29 of 32 people found the following review helpful
5.0 out of 5 stars
Reviewing the Kindle price??, Mar 16 2009
By Chris Hudson - Published on Amazon.com
This review is from: Cheever: A Life (Hardcover)
Two of the reviews so far have related to the Kindle version of this book: one gives 5 stars on the strength of Mr. Bailey's Yates biography, and helpfully suggests that the publisher make a Kindle version available; the other deplores the high cost of the Kindle edition. Neither reader, by their own weird confession, have read the book in question. (It seems a bit hard to give an author one damning star for a fault that can hardly be attributed to him!) For what it's worth in this bizarre critical ethos, I have read CHEEVER and can vouch for the fact that it's one of the finest literary biographies of the postwar era: comprehensive yet astonishingly tight, funny, insightful, beautifully researched, compassionate, merciless, you name it. If you're remotely interested in great American writers with bottomless contradictions--nicely reconciled in this book--and extraordinarily eventful lives (both outer and inner) you will love CHEEVER. And frankly $19 for a Kindle edition strikes me as eminently reasonable.
10 of 10 people found the following review helpful
4.0 out of 5 stars
one-of-a-kind, Mar 27 2009
By Byron Reimus - Published on Amazon.com
This review is from: Cheever: A Life (Hardcover)

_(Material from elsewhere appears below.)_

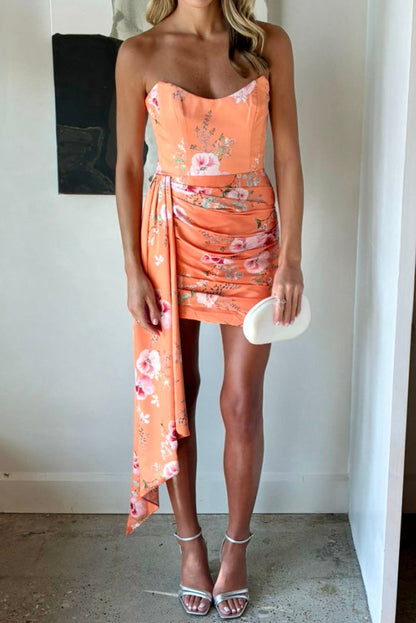 Strapless Floral Ruched Mini Dress with Side Drape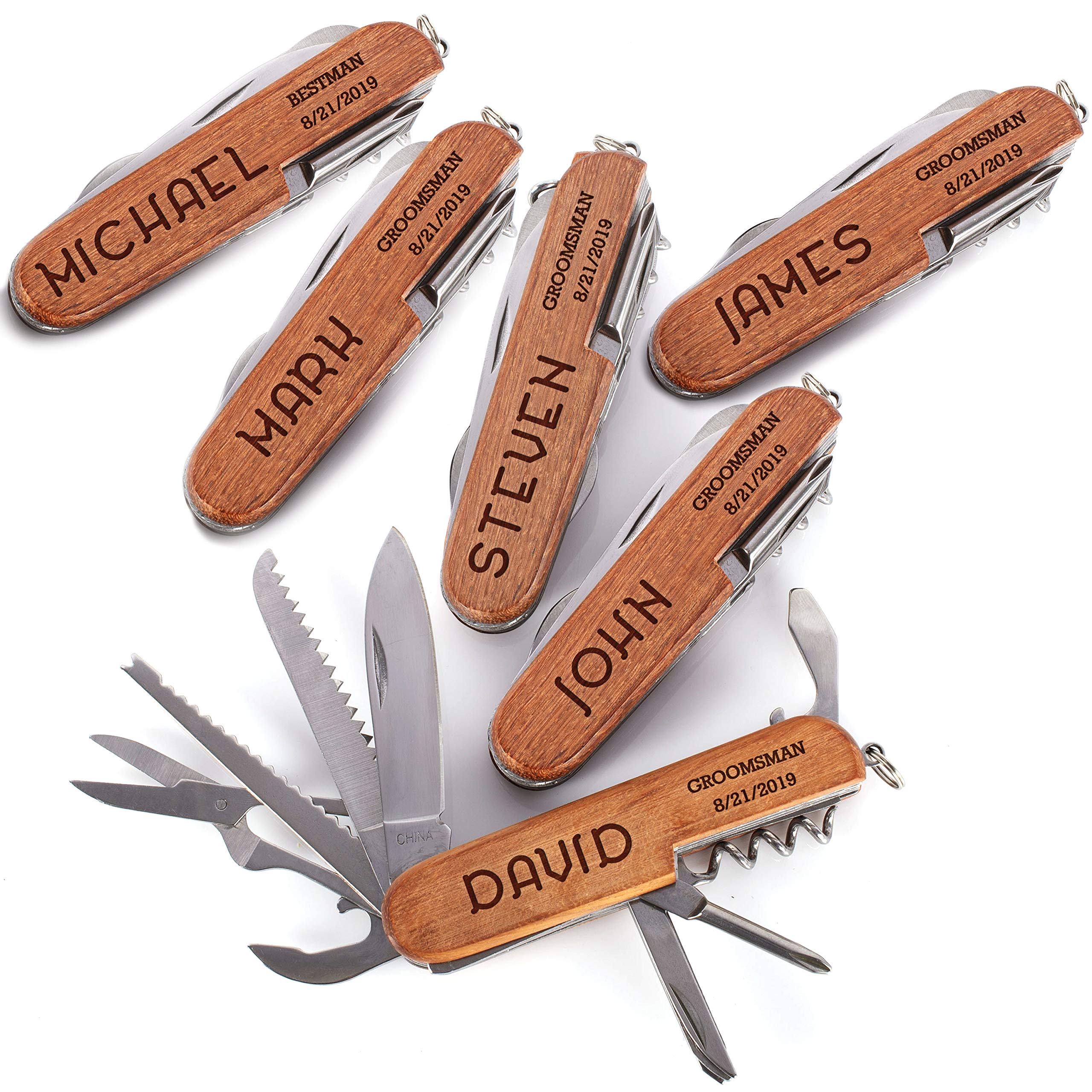 Set of 6, Personalized Pocket Knife - 8 Function Multi-tool Custom Engraved Pocket Knives - 12 Fonts - Groomsman Gifts for Wedding, Bachelor Party - Groomsmen Proposal Gifts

This is one of the best, most thoroughly researched and revealing biographies on anyone to come along in quite some time. Not sure that 50 chapters and 750+ pages were necessary or desirable--among the best are the first 15 and last 10--for anything but Cheever devotees. But a tour de force by Blake Bailey, who has a gift for really getting under this subject's skin, shedding tons of light, and finding humanity in places large and small. Count me among those, however, who didn't need this or any other bio to make a case for Cheever's "comeback." There have to be legions of us out there who never stopped reading his books and cherish each and every time we re-read them. I, for one, can't imagine a world without John Cheever's stories and am puzzled to read that he isn't a high school or college staple. Also, the continued fixation by many reviewers that this book reconfirms Cheever was no picnic on himself, his family, lovers, friends and colleagues, risks missing an important point. We all know incredibly complicated as well as talented people who we can say pretty much the same about--but very few who accomplished even a fraction of the extraordinary legacy of this hugely gifted writer. There's much more to be found in this book then a documentation of pain, suffering and self-loathing. What emerges is a reminder that truly great, one-of-a-kind art-making remains not only incredibly rare and precious but looks so much easier to the rest of us than it really is and frequently exacts a very high price on the constellation of characters around the artists. That certainly appears to have been true when it comes to John Cheever's wife and three children. But as Mary Cheever is quoted as telling THE BOSTON GLOBE: "What's important is what he wrote, not what he did." If Bailey's effort falls short anywhere, it is perhaps devoting too much attention to what Cheever did as weighted against his sublime writings.